The following is the text of the World Bank’s report about Iran’s economy which was published coinciding with the annual meetings of the World Bank Group and the International Monetary Fund (IMF):

The overall subsidies were estimated to cost 27 percent of GDP in 2007/2008 (approximately US$77.2 billion). 

The Government has opted for a direct cash transfer program while substantially increasing the prices of petroleum products, water, electricity, bread and a number of other products. 


The initial impact of the removal of the substantial energy and food subsidies in December 2010 did not suppress Iran’s economic performance despite stricter economic sanctions. 

Nevertheless, growth is projected to decline to 2.5 percent and inflation to increase to above 20 percent due to the impact of the substantial increase in energy prices. 

However, maintaining tight monetary and fiscal policies is expected to bring inflation back to 12 percent in 2012/13. 

Positive outlook

The medium term outlook for economic growth is positive (around 4.5 percent) but crucially depends on sound macroeconomic management and the capacity of the corporate sector to adjust to higher energy costs.

Preliminary estimates suggest that the government’s comprehensive cash transfer program accompanying the ongoing subsidy reform has reduced poverty and regional income disparities significantly.

Iran is the second largest economy in the Middle East and North Africa in terms of GDP - US$400 billion in 2011 (after Saudi Arabia) and in terms of population -78 million people (after Egypt). 

It is characterized by a large hydrocarbon sector, small scale private agriculture and services, and a noticeable state presence in manufacturing and finance. 

In 2007 the service sector (including government) contributed 56% to GDP, followed by the hydrocarbon sector with 25 %, and agriculture with 10%. 

Iran ranks second in the world in natural gas reserves and third in oil reserves.

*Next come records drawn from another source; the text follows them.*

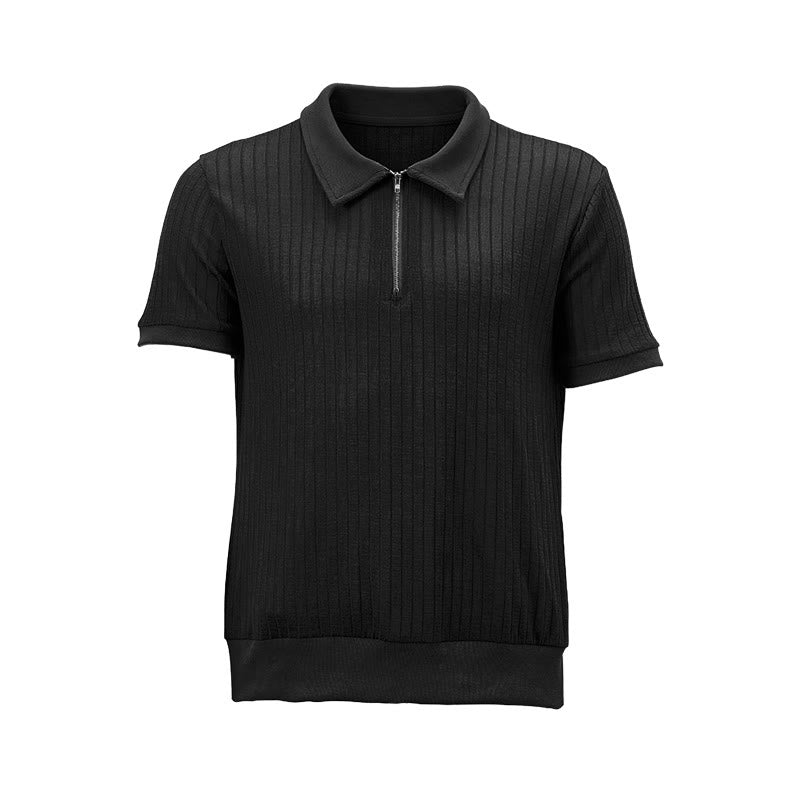Polo da uomo a coste verticali con collo a zip - image 14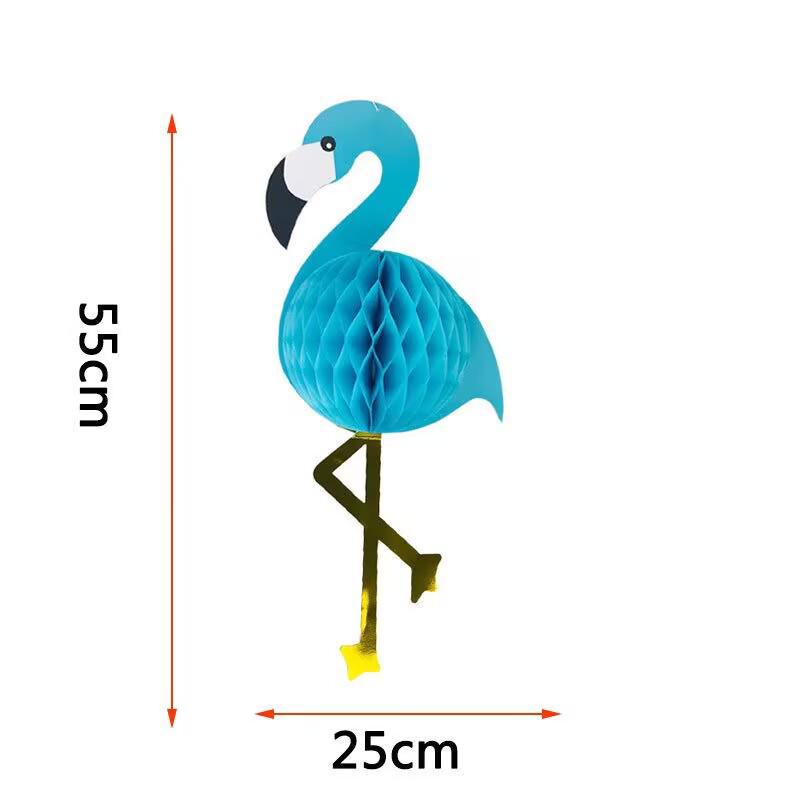 Hawaiian Pink Rose Red Blue Flamingo Honeycomb Hanging Party Decoration синий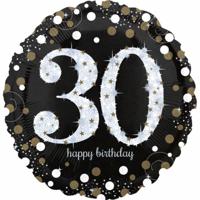 Amscan folieballon 30 Sparkling Birthday 71 cm zwart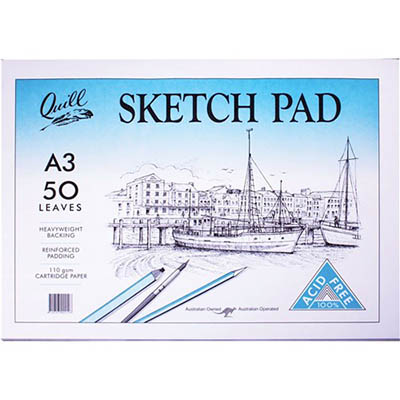 Image for QUILL SKETCH PAD 110GSM 100 PAGE A3 WHITE from Albany Office Products Depot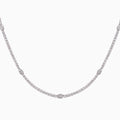 14K White Gold Oval Diamond Necklace
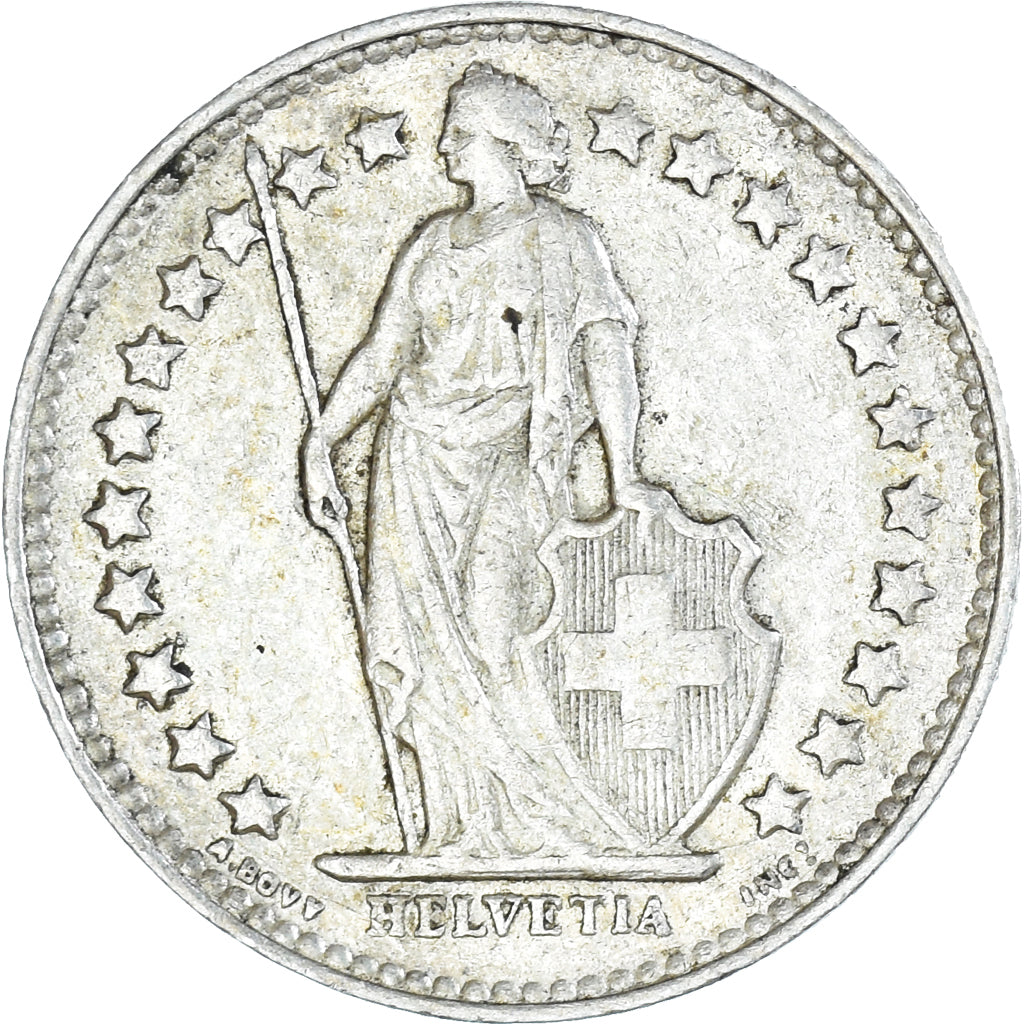 Coin, Switzerland, 1/2 Franc, 1952, Bern, VF(30-35), Silver, KM:23
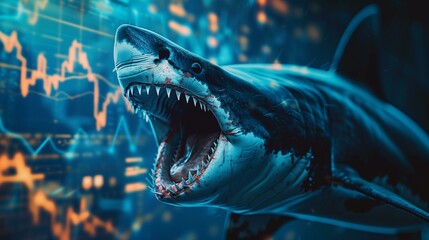 Double exposure business chart and shark mouth open, shark with its mouth open and its teeth showing, currency animal mouth human teeth spooky success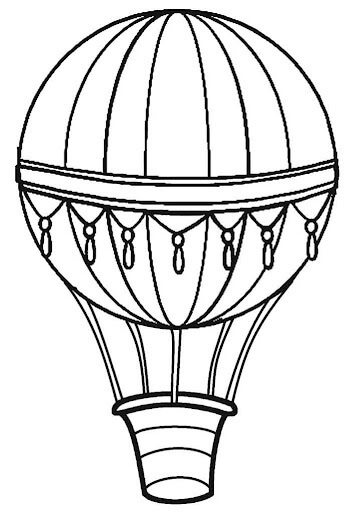 dibujo globo aerostatico en el campo para imprimir y colorear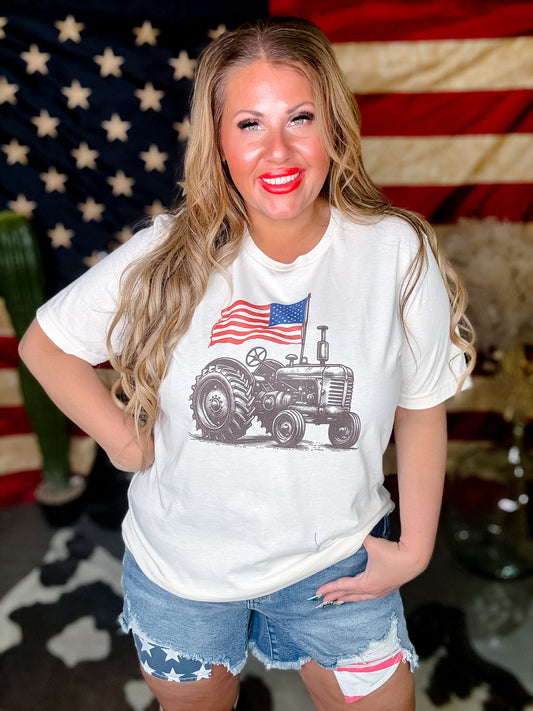 4th of July Tractor Graphic Tee - Whiskey Skies - PAR.TEES BY PARTY ON!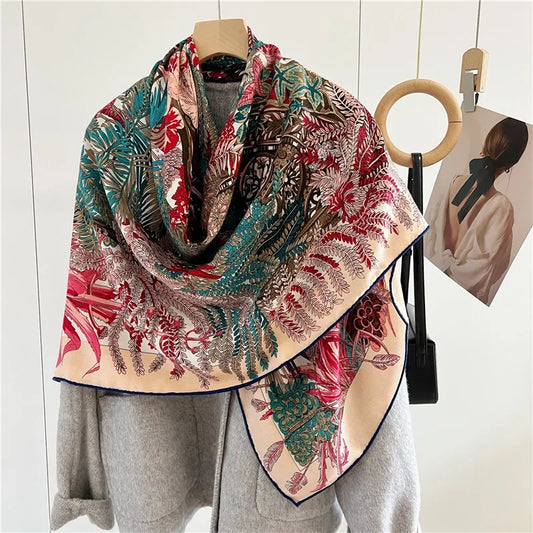 Women’s Classic Large Square Wool Scarf Wrap – Printed Winter Blanket Shawl Cape 135×135cm - HER SHOP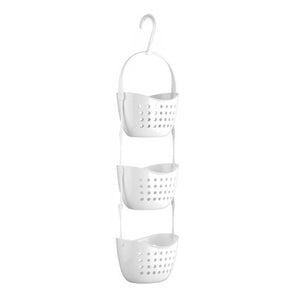 3 Tier White Hanging Shower Caddy | Dara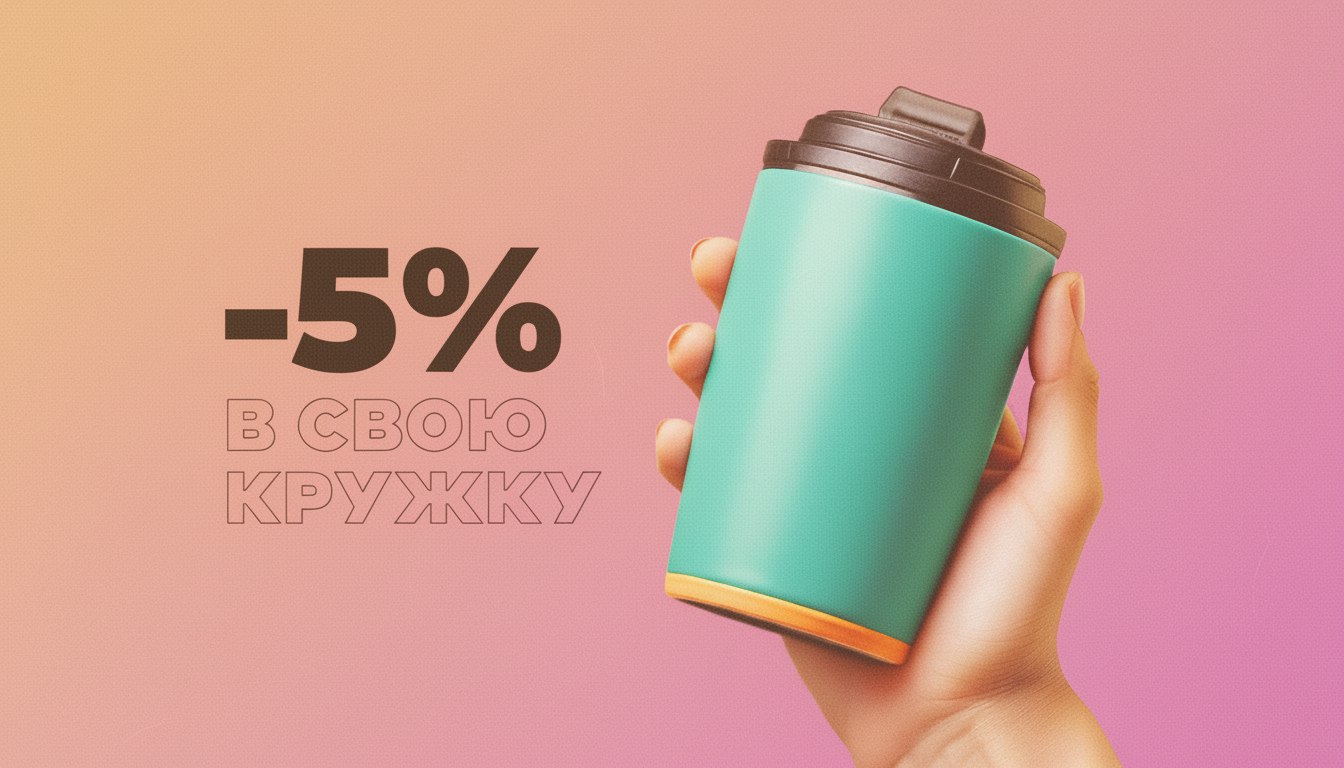 Скидка в свою кружку 5%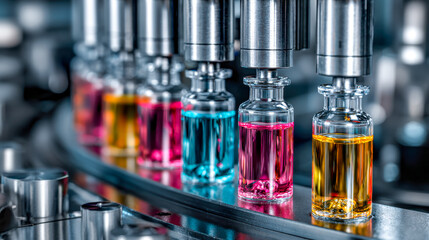 Colorful liquids filling glass vials on an automated production line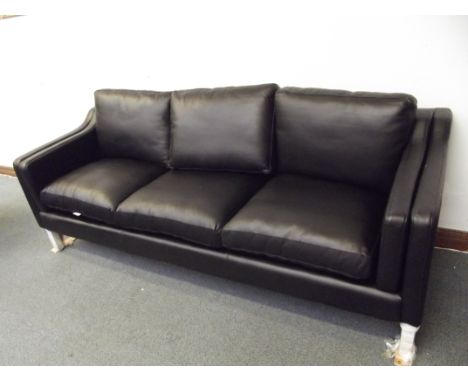 1 x Black leather 3 seather sofa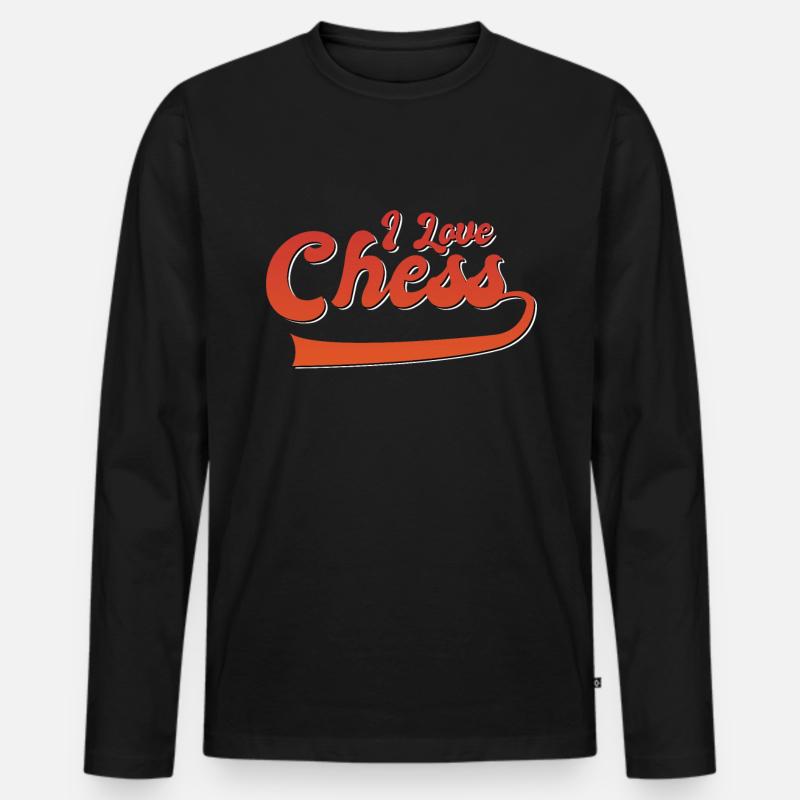 Ich liebe Schach - Männer Premium Bio Langarmshirt - Schwarz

It is the second largest OPEC oil producer; output averaged about 4 million barrels per day in recent years.  

Iran's chief source of foreign exchange comes from oil and gas. 

Iran's economy is transforming towards a market-based economy. The Iranian state still plays a key role in the economy, owning large public and quasi-public enterprises which partly dominate the manufacturing and commercial sectors. 

However, the authorities have adopted a comprehensive strategy as reflected in their 20-year Vision document and the 5th Five-Year Development Plan to ensure the implementation of market-based reforms.

Economic growth increased by 3.5 percent in 2009/10 while prudent macroeconomic policies reduced inflation to about 10 percent and ensured a fiscal surplus. 

High social indicators

The country’s social indicators are relatively high by regional standards. Most human development indicators have improved noticeably based on government’s efforts to increase access to education and health.

Virtually all children of the relevant age group enrolled into primary schools in 2008 while enrollment into secondary schools increased from 66%in 1995 to 80% in 2008. As a result, youth literacy rates increased from 86%to 94% over the same period, rising significantly for girls. 

Consequently, Iran is well placed to achieve the millennium development goals (MDG) target with regard to eliminating gender disparities.

 Currently, the number of Iranian women enrolled in university (at the undergraduate level) is twice as high as the number of men. Similarly, Iranian women are playing an increasingly important role in the economy, though their market participation and employment rates remain limited.

 Iran’s health outcomes have also improved considerably over the past twenty years. The mortality rate for children under five steadily declined from 73 (per 1,000) in 1990 to 32 in 2008. Similarly, the maternal mortality ratio per 100,000 live births declined from 150 to 30 during the same period. 

Consequently, health indicators are usually above regional averages. This success is based on the effective delivery of primary health care which almost balanced health care outcomes in rural and urban areas. Iran’s new 5th five-year development plan from 2011 to 2015 continues to focus on social policies.